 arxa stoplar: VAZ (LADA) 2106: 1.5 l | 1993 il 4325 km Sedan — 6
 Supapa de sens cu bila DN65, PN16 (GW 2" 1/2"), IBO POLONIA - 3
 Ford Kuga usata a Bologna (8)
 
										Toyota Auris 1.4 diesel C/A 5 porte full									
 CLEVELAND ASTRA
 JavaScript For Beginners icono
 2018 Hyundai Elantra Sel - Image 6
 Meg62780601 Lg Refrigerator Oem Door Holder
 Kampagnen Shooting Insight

--

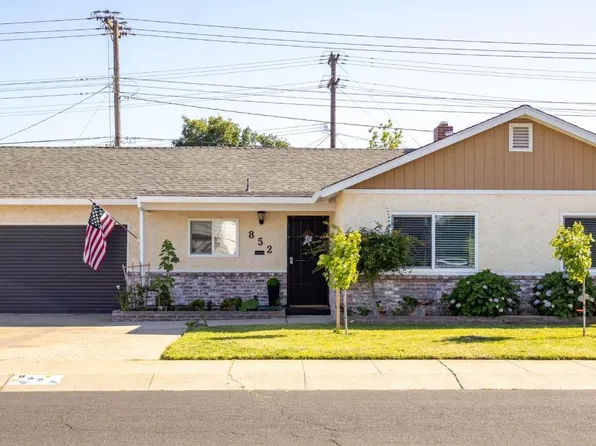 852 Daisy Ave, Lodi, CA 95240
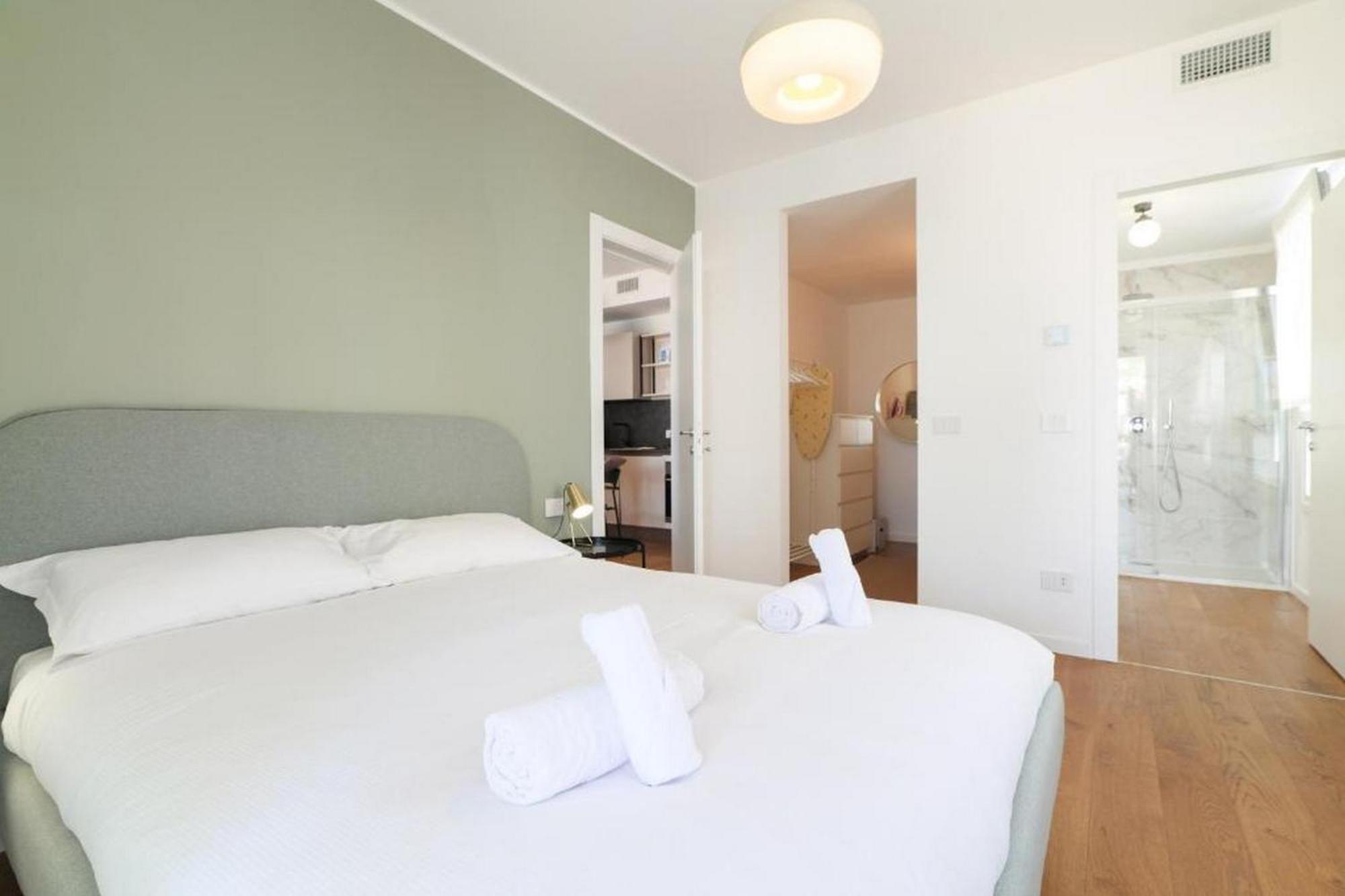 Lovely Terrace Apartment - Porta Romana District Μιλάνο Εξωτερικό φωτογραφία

==

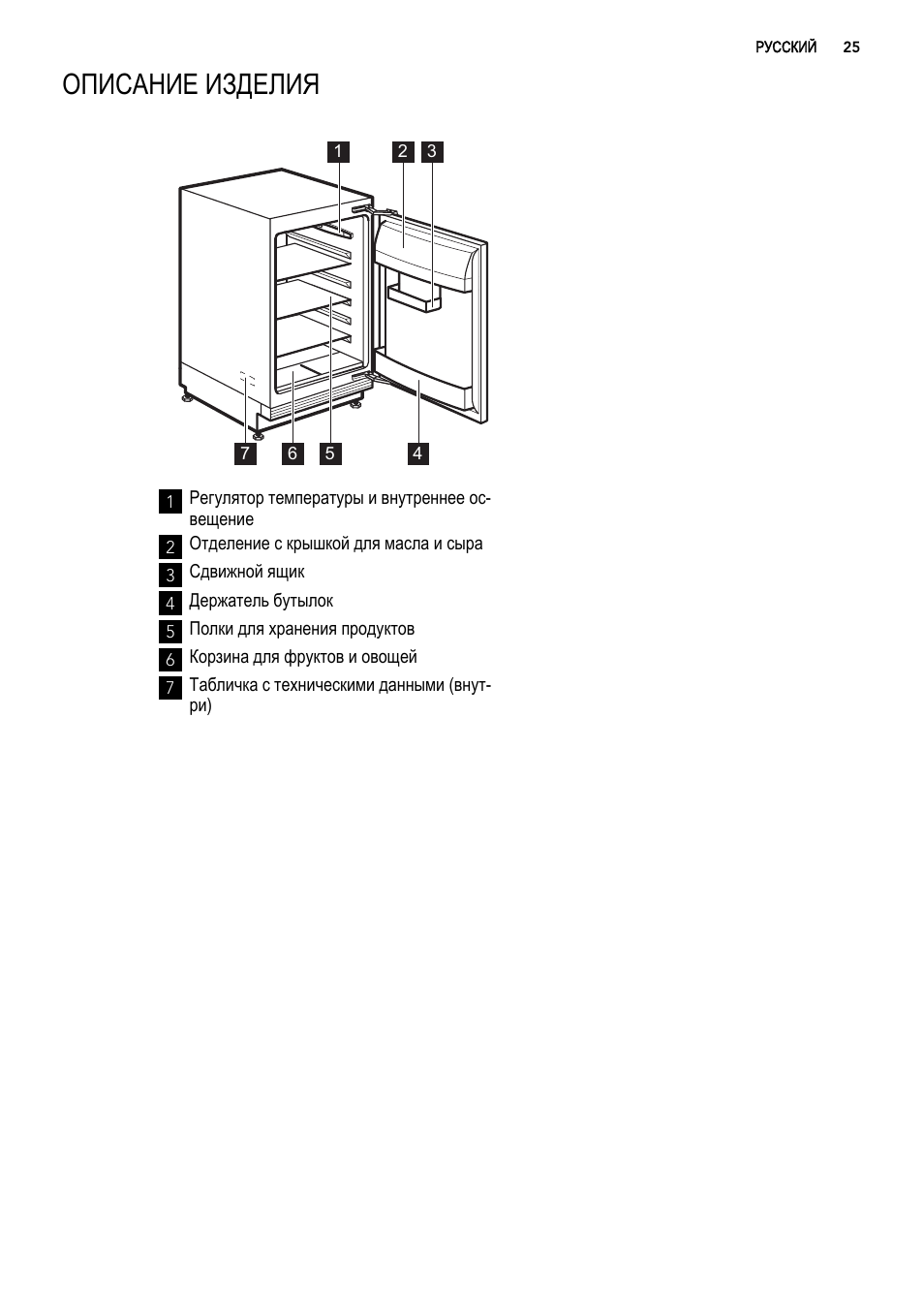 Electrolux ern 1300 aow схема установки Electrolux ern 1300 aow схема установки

## Your task
Go to the line in the material above that contains "arxa stoplar: VAZ" and copy exactly from there through the line that contains "CLEVELAND ASTRA", stopping after it.

## Problem solution
 arxa stoplar: VAZ (LADA) 2106: 1.5 l | 1993 il 4325 km Sedan — 6
 Supapa de sens cu bila DN65, PN16 (GW 2" 1/2"), IBO POLONIA - 3
 Ford Kuga usata a Bologna (8)
 
										Toyota Auris 1.4 diesel C/A 5 porte full									
 CLEVELAND ASTRA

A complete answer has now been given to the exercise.